One Photo: One Story; Tales Of A Neighborhood Barber
Joe. Joe the barber, we were there every week as kids. Zero, all the way around just like John Glenn the Astronaut.
Joe gave me my first haircut, and the same for my four brothers. I remember his shop. I can still smell the sandalwood, Pinaud-Clubman and witch hazel and hear the buzz of the Wahl clippers.
Photo: Joe the Barber and Dad.
There was a calendar on his wall of a policeman hovering over a speeding car trying to stop it as a child chased a ball into the street. It hung there for years.
It seemed like the entire police force from town came to Joe. He was right down the street from the station.
When I was nine he was my first football coach. I was trying out for Jolly Cleaners in the Belleville Rec League. I got cut before the first game. He was very encouraging at my next haircut but was terse about me lying about my age. You had to be ten in order to play rec football. He said next year would be better. I was cut that time as well.
I always felt grown up when I went by myself to the barbershop. It was a place of men. I was waiting my turn listening to a conversation about baseball. The Yankees.
I recognized Mr. Krzynefski, He was Harry and Gene’s dad, two of my classmates. He joined in the conversation and said he liked Carl Yastremski.
Joe got a look in his eye and said, “Radziewicz, Kryznefski, and Yastremski, most Polish ever spoken in my shop”! The men roared and Mr K winked at me. I felt like a man.
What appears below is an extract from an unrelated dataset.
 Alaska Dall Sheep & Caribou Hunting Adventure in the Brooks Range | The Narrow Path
One day my dad handed me a few bucks and said “Get a haircut”.
I went upstairs and cut my own hair straight across the front. I pocketed the money.
Dad kept asking, “Joe did that”?
Mom called bullshit and got Joe on the telephone. He told them he hadn’t seen me in months.
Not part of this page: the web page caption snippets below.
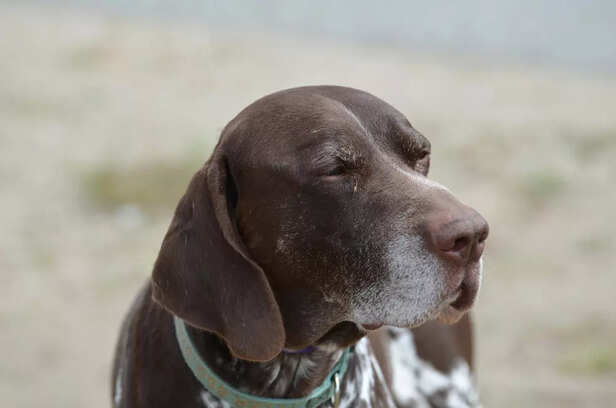 German Shorthaired Pointer (GSP)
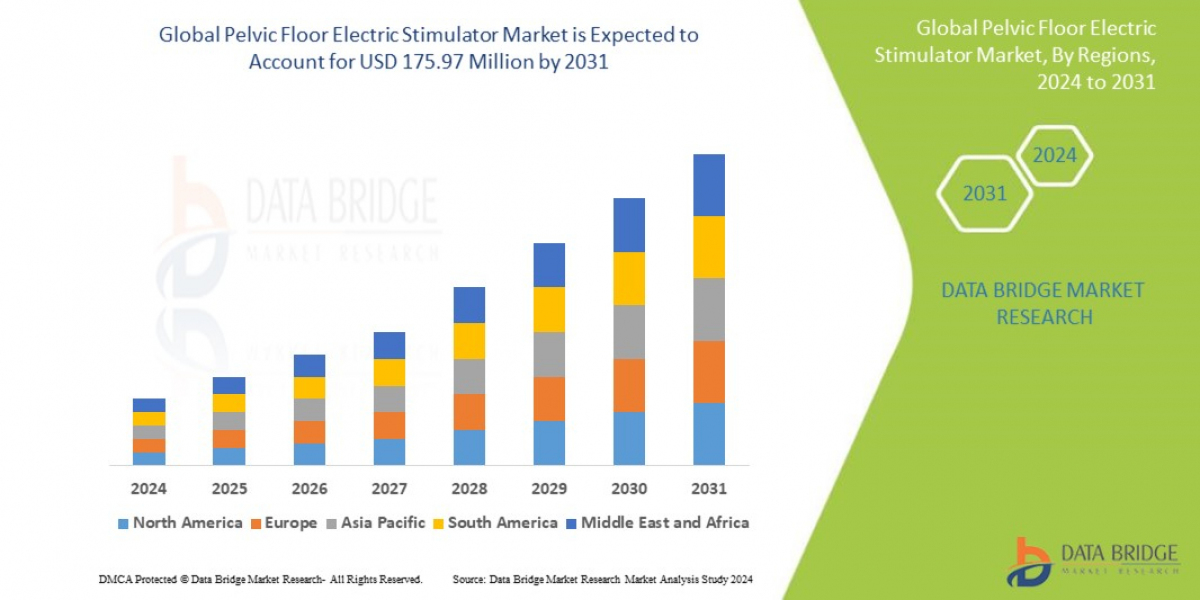 Pelvic Floor Electric Stimulator Market Strategic Analysis: Size, Growth, and Segment Trends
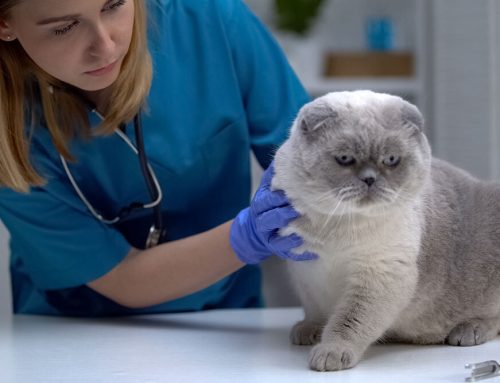 Veterinary Services for Cats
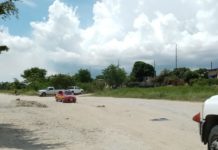 Piden limpieza de derechos de vía de Pemex por presencia de alimañas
A week later karma got me when during a basketball game someone in the stands yelled out to me, “Hey Dutchboy, you suck”. I looked like the kid on the paint cans.
I decided then that I needed to go to a stylist.
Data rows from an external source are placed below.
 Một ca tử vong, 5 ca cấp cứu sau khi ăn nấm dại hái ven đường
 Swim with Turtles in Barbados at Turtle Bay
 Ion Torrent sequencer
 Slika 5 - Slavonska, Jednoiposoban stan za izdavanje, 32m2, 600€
I hadn’t seen Joe in several years when I went to him the morning I was headed to New York for a job interview at Katz Radio. He suggested I cut the beard off. He’d do it for free. I declined.
Months later he actually felt for me when I told him I didn’t get the job. After a few minutes of silence he said, “You should have cut the beard kid”. He was right.
J and J’s Barbershop, on the corner of Washington Avenue and Joralemon Street. Belleville, New Jersey. Lessons learned.